I agree that it would have been nice to see the CSP denotational semantics directly discussed. However, the authors do at least refer to Stephen Brookes' work on trace-based equivalences. That paper does discuss the relationship between failures, failures-divergences, and Brookes' proposed trace-based equivalences (hardly surprising, since Brookes, along with Bill Roscoe, did much of the early work on establishing the denotational semantics of CSP).

Personally, I've found that CSP's existing semantic models have worked quite well for me in the past. But I can see some merit in the argument for a single definition of process equivalence.

Recondite arguments

I wish they wouldn't have included the CSP examples. It seems they are discussing the relative merits of process modeling languages, not the expressiveness of linear time logic and branching time logic. (I don't accept their claim on receptiveness and deadlock, an algorithm should be expressed as directly as possible.) A restriction to Buechi automata should have been enough. Their argument becomes even worse by introducing a third model, transducers, which I think adds little to the argument.

Their claims on bisimulation also makes me wonder. What kind of bisimulation are they talking about? As far as I remember, bisimulation1 is a technique to prove trace equivalence, or inclusion, between two systems, it need not imply structural equivalence as they claim.

Sorry, but I find this a paper which runs of in a thousand different directions without ever really touching the heart of the discussion, whether a very technical logic like LTL should be preferred above another very technical logic like CTL - and even then I'd preferred if they would have discussed various LTL and CTL versions with respect to real-world examples.

1 What about refinements?

CSP Examples

The CSP examples are misleading and also not valid CSP code.

The natural expression of their first example in CSP is

(a?x -> h!x -> STOP) |~| (b?x -> h!x -> STOP)

where |~| represents CSP's internal choice operator.

This is distinguished syntactically from the second example:

(a?x -> h!x -> STOP) [] (b?x -> h!x -> STOP)

and is distinguished in all process equivalences except the traces model.

FDR != CSP

Although the FDR ASCII syntax for CSP is pretty widely used these days, some authors do use other syntax. In this case, Nain and Vardi appear to be using a syntax similar to the one used by Stephen Brookes in his recent publications. Which I guess isn't surprising, since the basic approach they are arguing for seems somewhat inspired by Brookes' work on trace-based equivalences.
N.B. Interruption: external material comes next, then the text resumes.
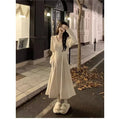 Women's milky white V-neck knitted long dress with princess sleeves on a hanger.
You are quite correct that the two processes (using either the Brookes syntax or the FDR syntax) are distinguished in models other than the traces model. However, those models require that the traces be annotated at each step with additional information (refusals) that is not observable, whereas the authors are arguing that given a more explicit process definition the processes could be distinguished on the basis of traces alone.

Language and logic

It seems they are discussing the relative merits of process modeling languages, not the expressiveness of linear time logic and branching time logic... Their argument becomes even worse by introducing a third model, transducers, which I think adds little to the argument.

I think the reason they get into modeling languages is because part of their argument hinges on the idea that given a language that follows the principles they espouse trace-equivalence will be sufficient, and the arguments about the relative expressiveness of LTL and CTL go away. At least, that was how I interpreted the paper. I agree that the discussion of transducers felt like a bit of a digression - it was interesting in a way, but occupied a lot of space without really doing much to drive home their point. The introduction of Prompt-LTL also kind of came out of nowhere.

As far as I remember, bisimulation is a technique to prove trace equivalence, or inclusion, between two systems, it need not imply structural equivalence as they claim.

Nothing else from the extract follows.